Decidere di vivere questa fase della mia vita personale e lavorativa qui in albergo al “ritz” mi permette di risolvere alcuni conflitti e mi fa sentire in pace con me stessa. Si perdona qualcuno, ma soprattutto sé stessi. Perdonare è voltare pagina e non è sinonimo di dimenticare. Perdonare, al contrario, implica ricordare e, nonostante questo, non rimanere ancorati alle sensazioni generate dai ricordi. Chi riesce a perdonare e voltare pagina, svuota il proprio zaino emotivo e trova nuove motivazioni scoprendo, magari, un altro, impensato e impensabile, futuro. Così qui ho imparato a valorizzare meglio il mio presente, a gestirlo meglio, consapevole come sono del mio passato. E solo qui, mi rendo conto adesso, è stato finalmente possibile.
Cosa mi è insopportabile in questo momento?
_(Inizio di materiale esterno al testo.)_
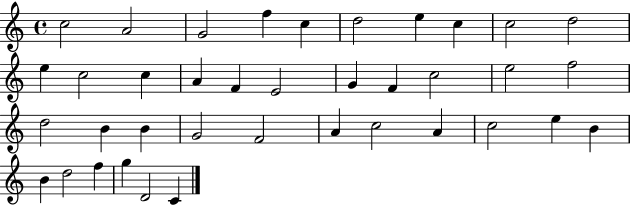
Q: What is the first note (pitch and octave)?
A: C5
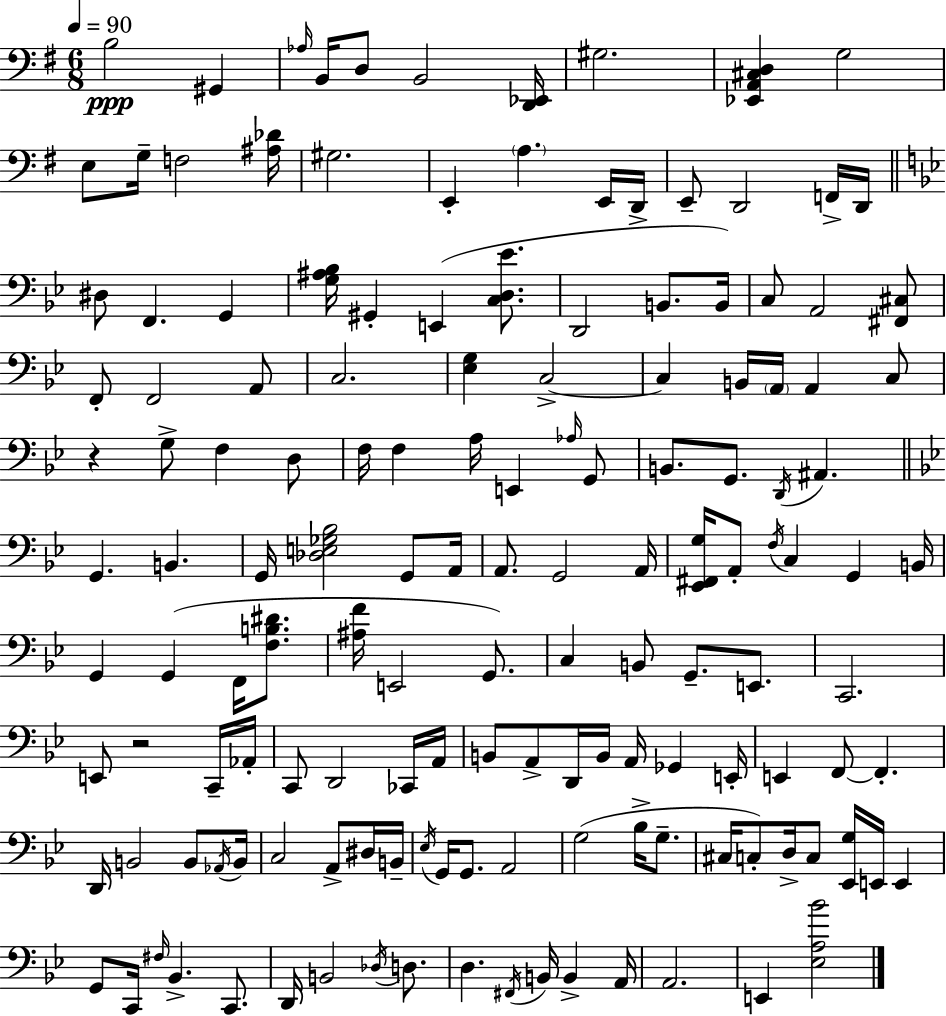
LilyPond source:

{
  \clef bass
  \numericTimeSignature
  \time 6/8
  \key e \minor
  \tempo 4 = 90
  b2\ppp gis,4 | \grace { aes16 } b,16 d8 b,2 | <d, ees,>16 gis2. | <ees, a, cis d>4 g2 | \break e8 g16-- f2 | <ais des'>16 gis2. | e,4-. \parenthesize a4. e,16 | d,16-> e,8-- d,2 f,16-> | \break d,16 \bar "||" \break \key bes \major dis8 f,4. g,4 | <g ais bes>16 gis,4-. e,4( <c d ees'>8. | d,2 b,8. b,16) | c8 a,2 <fis, cis>8 | \break f,8-. f,2 a,8 | c2. | <ees g>4 c2->~~ | c4 b,16 \parenthesize a,16 a,4 c8 | \break r4 g8-> f4 d8 | f16 f4 a16 e,4 \grace { aes16 } g,8 | b,8. g,8. \acciaccatura { d,16 } ais,4. | \bar "||" \break \key bes \major g,4. b,4. | g,16 <des e ges bes>2 g,8 a,16 | a,8. g,2 a,16 | <ees, fis, g>16 a,8-. \acciaccatura { f16 } c4 g,4 | \break b,16 g,4 g,4( f,16 <f b dis'>8. | <ais f'>16 e,2 g,8.) | c4 b,8 g,8.-- e,8. | c,2. | \break e,8 r2 c,16-- | aes,16-. c,8 d,2 ces,16 | a,16 b,8 a,8-> d,16 b,16 a,16 ges,4 | e,16-. e,4 f,8~~ f,4.-. | \break d,16 b,2 b,8 | \acciaccatura { aes,16 } b,16 c2 a,8-> | dis16 b,16-- \acciaccatura { ees16 } g,16 g,8. a,2 | g2( bes16-> | \break g8.-- cis16 c8-.) d16-> c8 <ees, g>16 e,16 e,4 | g,8 c,16 \grace { fis16 } bes,4.-> | c,8. d,16 b,2 | \acciaccatura { des16 } d8. d4. \acciaccatura { fis,16 } | \break b,16 b,4-> a,16 a,2. | e,4 <ees a bes'>2 | \bar "|."
}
Una certa ineluttabilità e un serpeggiante catastrofismo. Che tipo di vita desidero avere dopo aver voltato pagina? Libera dai sensi di colpa. Cosa posso ancora sopportare? Qualche prossima scadenza. Ho ancora dei sogni nel cassetto? Sì,troppi.
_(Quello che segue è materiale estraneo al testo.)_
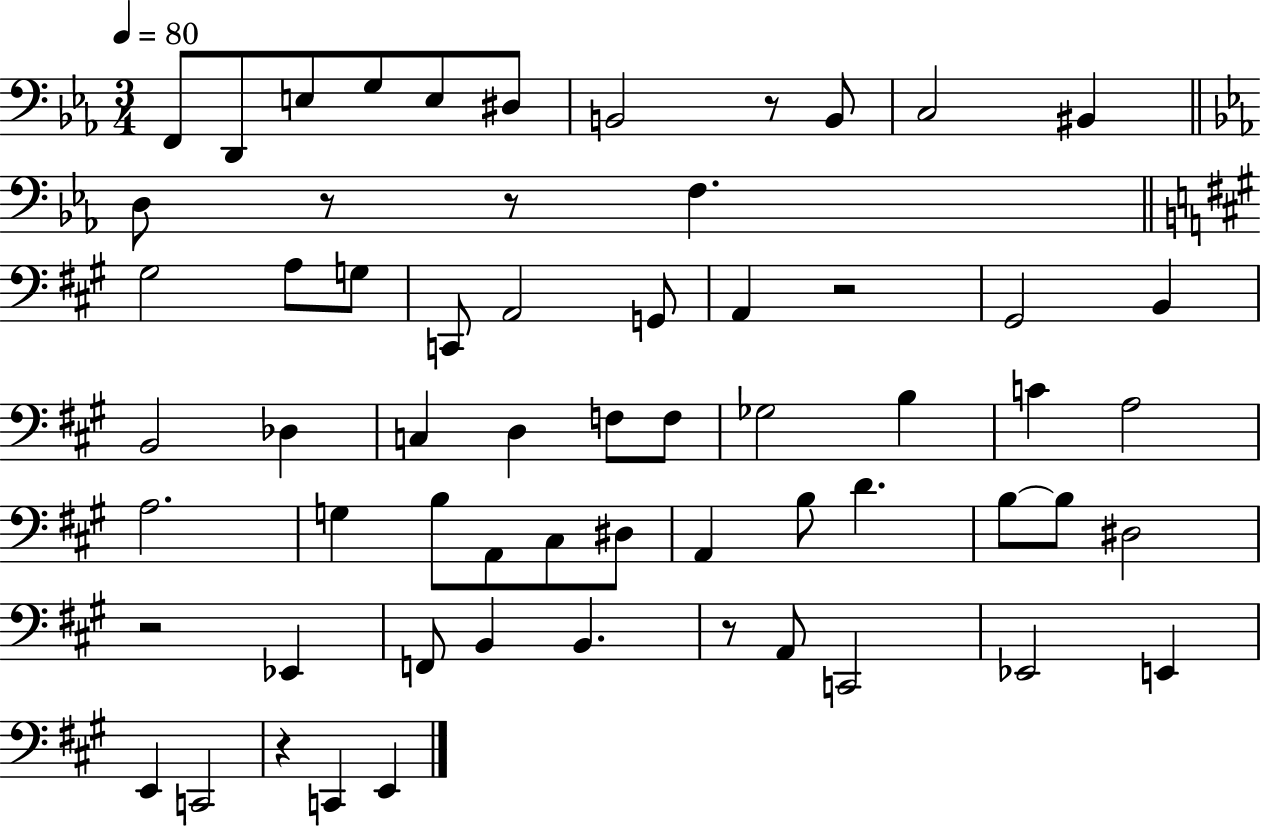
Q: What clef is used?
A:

Cara Ida, hai iniziato il post di oggi parlando di voltare pagina e mi sono sentita chiamata in causa, visto che siamo da molti anni ormai colleghe di Bookclub. Gli ultimi libri, a causa appunto del Covid19, li abbiamo dovuti leggere in formato digitale, e io ho sofferto un pochino (anche per colpa dei libri stessi, ma questo è un altro discorso) di questo non poter, fisicamente, voltare la pagina. Tuttavia io sono tra quelle persone fortunate che non si possono lamentare di questa reclusione: mio marito lavora da casa, e di lavoro ne ha molto, e i bambini sono tranquilli. E io? Certo di tempo libero, essendo mamma e casalinga a tempo pieno, non ne ho molto, ma ho deciso di sfruttarlo al meglio e di dare finalmente inizio a qualche progetto che tenevo nel cassetto di cui parlavi anche tu da troppo tempo. Di solito, quando sento parlare di un hotel vuoto mi viene subito in mente Shining di Kubrick, ma se invece immagino te vagare per i corridoi e i giardini disabitati del Ritz con le tue orecchie da coniglietta non possono che venirmi in mente esempi più allegri, come il bellissimo Gran Budapest Hotel di Wes Anderson. Come te, nonostante determinate riflessioni e alcuni momenti di sconforto, non riesco a vedere tutto nero, ma visualizzo sogni e possibilità. Grazie per questa tua rubrica e questi racconti e pensieri, continuerò a seguirti!
Grazie! Auguro al tuo blog sul cinema (cine-muffin.com) tutto il successo che merita. Non tanto e non solo perché è scritto bene, ma perché ci riconosco la tua sensibilità.
Ti mando una carezza per i tuoi bambini.